(GIVEN ENTRIES Opens)

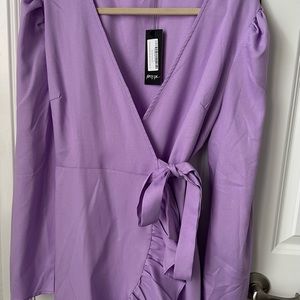 lavender wrap around dress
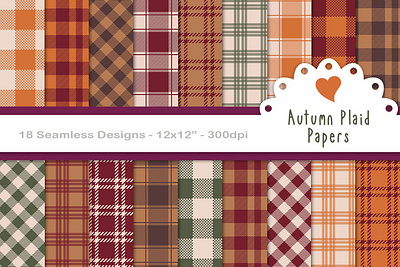 Autumn plaid seamless paper patterns, scrapbooking papers 3d animation graphic design logo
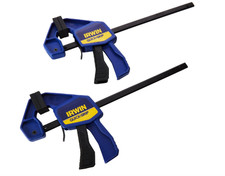 2 x Irwin Quick-Grip T54122EL7 One-Handed Mini Bar Clamp 300mm / 12" Twin Pack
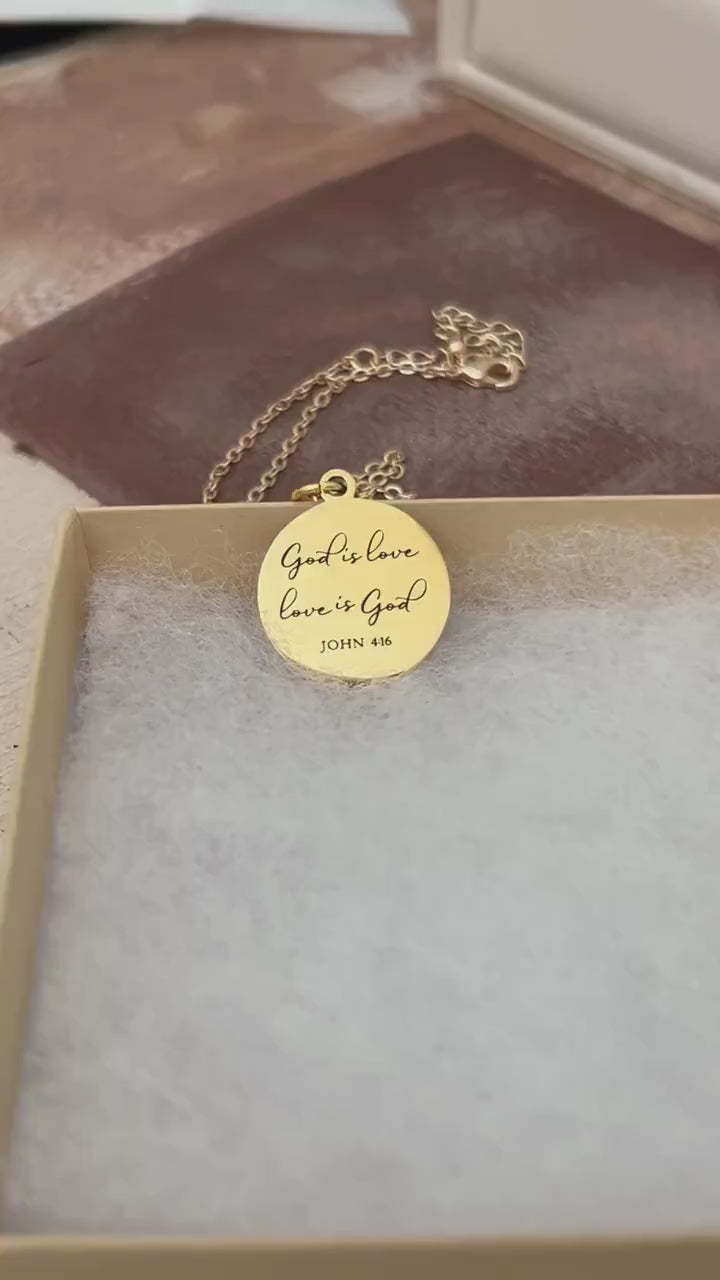 God is Love Love is God Bible Verse Necklace, John 4:16, Christian Women Gifts, Faith Jewelry, Scripture Necklace, Baptism, Birthday Gift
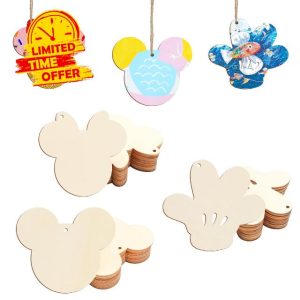 Tmflexe Mouse Head Hand 30Pcs Unfinished Wooden Gift Ornaments DIY Craft Birthday Present Paintable Blank Natural Mouse Head Cutouts Hanging Wood Slices for Kids Art Crafts DIY Gift Party Supplies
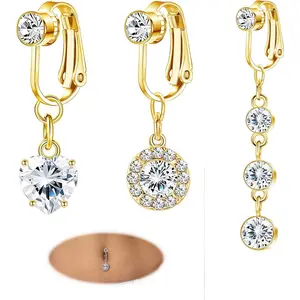 3Pcs Fake Belly Piercing Fake Belly Ring for Women Fake Belly Button Piercing Clip On Belly Button Rings Fake Navel Ring Non Piercing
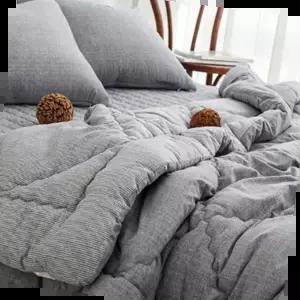 사계절 가을 차렵이불 이불패드세트 퀸 Q 그레이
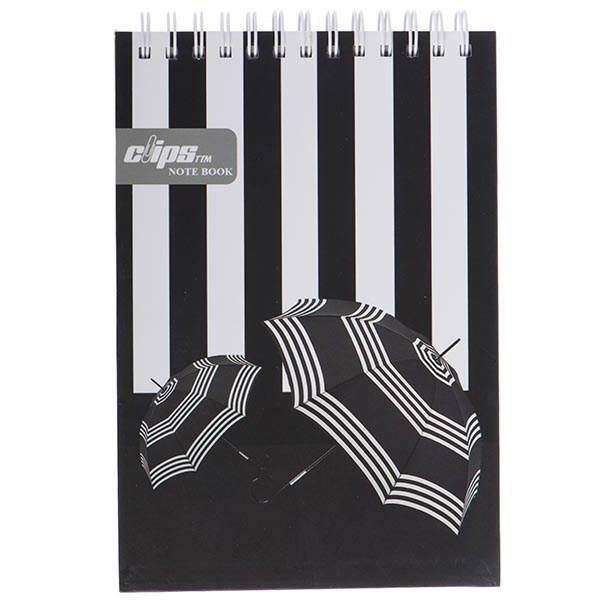 دفتر یادداشت 100 برگ کلیپس مدل چتر، Clips 100 Sheets Umbrella Design Hard Cover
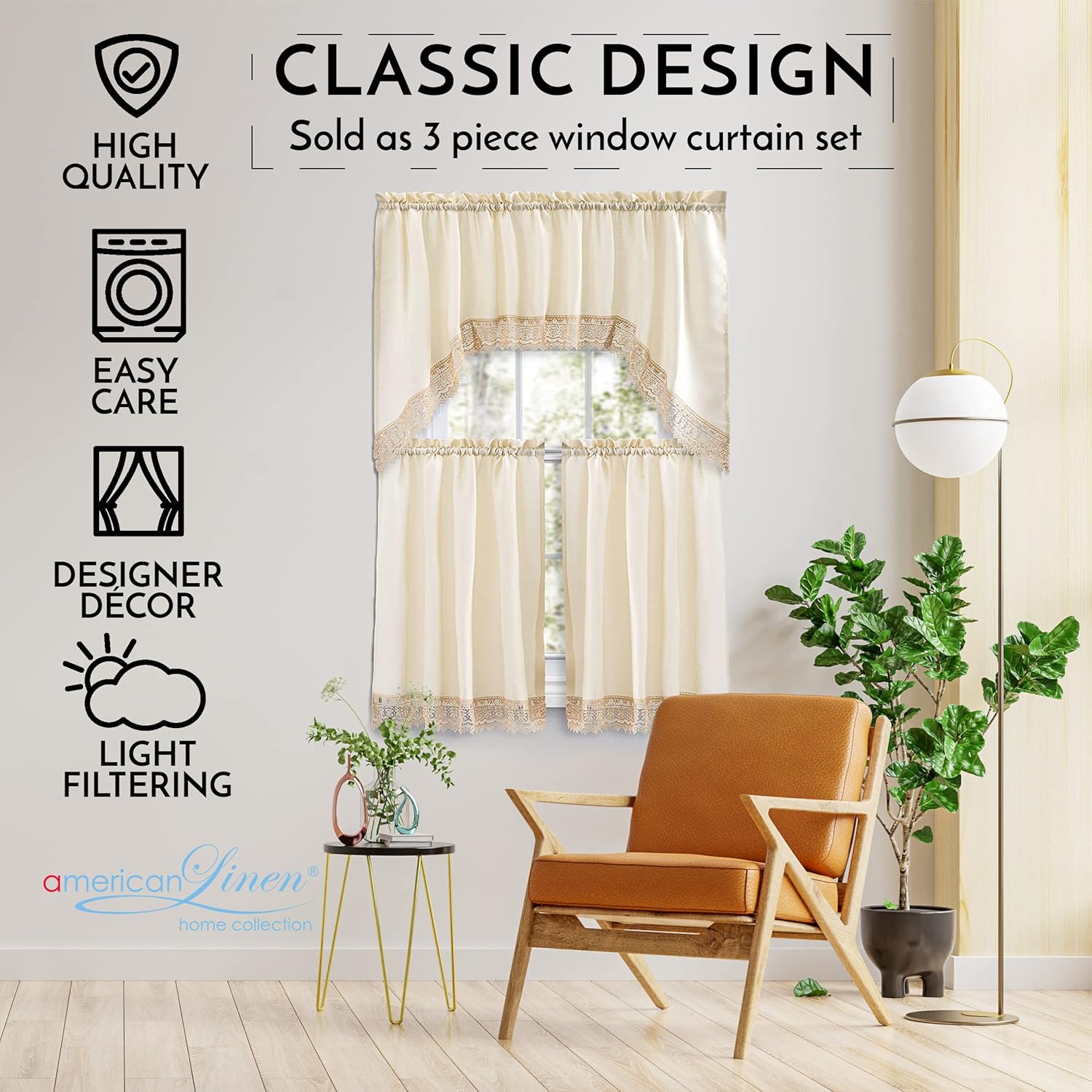 American Linen Caf Curtains with Valance and Lace Border Beige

(GIVEN ENTRIES Closes)

__ASSIGNMENT__:
Set the material down exactly, images excluded.

__ANSWER BELOW__:
 lavender wrap around dress
 Autumn plaid seamless paper patterns, scrapbooking papers 3d animation graphic design logo
 2 x Irwin Quick-Grip T54122EL7 One-Handed Mini Bar Clamp 300mm / 12" Twin Pack
 God is Love Love is God Bible Verse Necklace, John 4:16, Christian Women Gifts, Faith Jewelry, Scripture Necklace, Baptism, Birthday Gift
 Tmflexe Mouse Head Hand 30Pcs Unfinished Wooden Gift Ornaments DIY Craft Birthday Present Paintable Blank Natural Mouse Head Cutouts Hanging Wood Slices for Kids Art Crafts DIY Gift Party Supplies
 3Pcs Fake Belly Piercing Fake Belly Ring for Women Fake Belly Button Piercing Clip On Belly Button Rings Fake Navel Ring Non Piercing
 사계절 가을 차렵이불 이불패드세트 퀸 Q 그레이
 دفتر یادداشت 100 برگ کلیپس مدل چتر، Clips 100 Sheets Umbrella Design Hard Cover
 American Linen Caf Curtains with Valance and Lace Border Beige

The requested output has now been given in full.